Manganese-Induced Oxidative Stress Contributes to Intestinal Lipid Deposition via the Deacetylation of PPAR gamma at K339 by SIRT1

Aims: Excessive manganese (Mn) exposure is toxic, and induces lipid deposition, but the underlying mechanisms remain elusive. Herein, we explored how dietary Mn supplementation affects lipid deposition and metabolism in the intestine of vertebrates using the yellow catfish Pelteobagrus fulvidraco as the model.Results: High-Mn (H-Mn) diet increased intestinal Mn content, promoted lipid accumulation and lipogenesis, and inhibited lipolysis.

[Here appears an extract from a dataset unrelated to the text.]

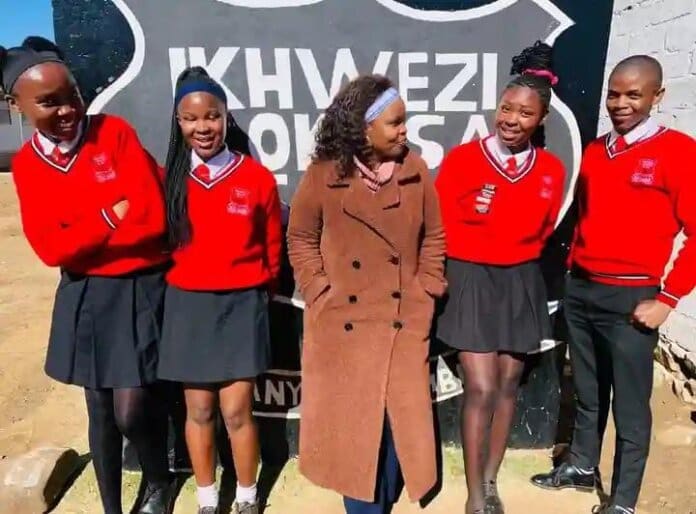 Chool Opening New High School Opportunity in Lady Frere Opens Doors for Grade 8–12 Learners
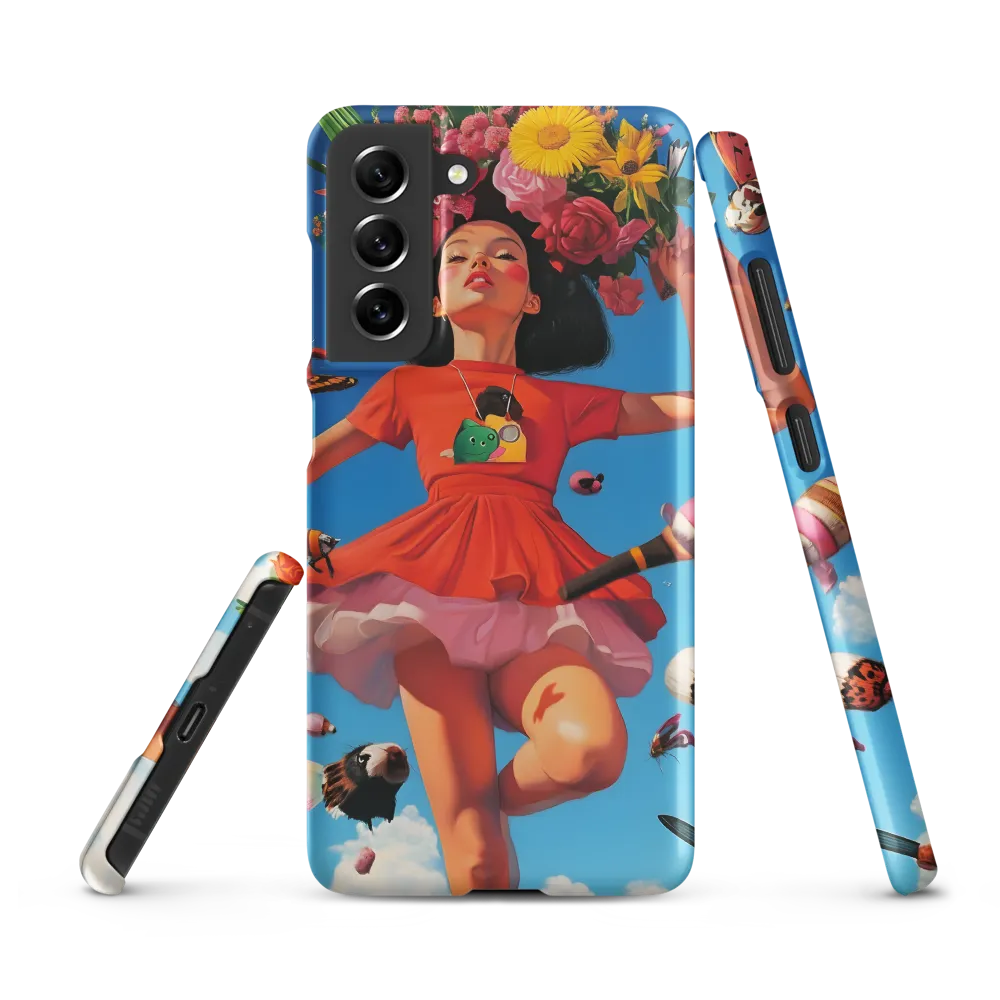 Joyful Whimsy | Phone Case |  S21 FE | Snap Case | Matte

In addition, it induced oxidative stress, upregulated metal-response element-binding transcription factor-1 (MTF-1), and peroxisome proliferator-activated receptor gamma (PPAR gamma) protein expression in the nucleus, induced PPAR gamma acetylation, and the interaction between PPAR gamma and retinoid X receptor alpha (RXR alpha), while it downregulated sirtuin 1 (SIRT1) expression and activity. Mechanistically, Mn activated the MTF-1/divalent metal transporter 1 (DMT1) pathway, increased Mn accumulation in the mitochondria, and induced oxidative stress. This in turn promoted lipid deposition via deacetylation of PPAR gamma at K339 by SIRT1. Subsequently, PPAR gamma mediated Mn-induced lipid accumulation through transcriptionally activating fatty acid translocase, stearoyl-CoA desaturase 1, and perilipin 2 promoters.Innovation: These studies uncover a previously unknown mechanism by which Mn induces lipid deposition in the intestine via the oxidative stress-SIRT1-PPAR gamma pathway.Conclusion: High dietary Mn intake activates MTF-1/DMT1 and oxidative stress pathways. Oxidative stress-mediated PPAR gamma deacetylation at K339 site contributes to increased lipid accumulation. Our results provided a direct link between Mn and lipid metabolism via the oxidative stress-SIRT1-PPAR gamma axis.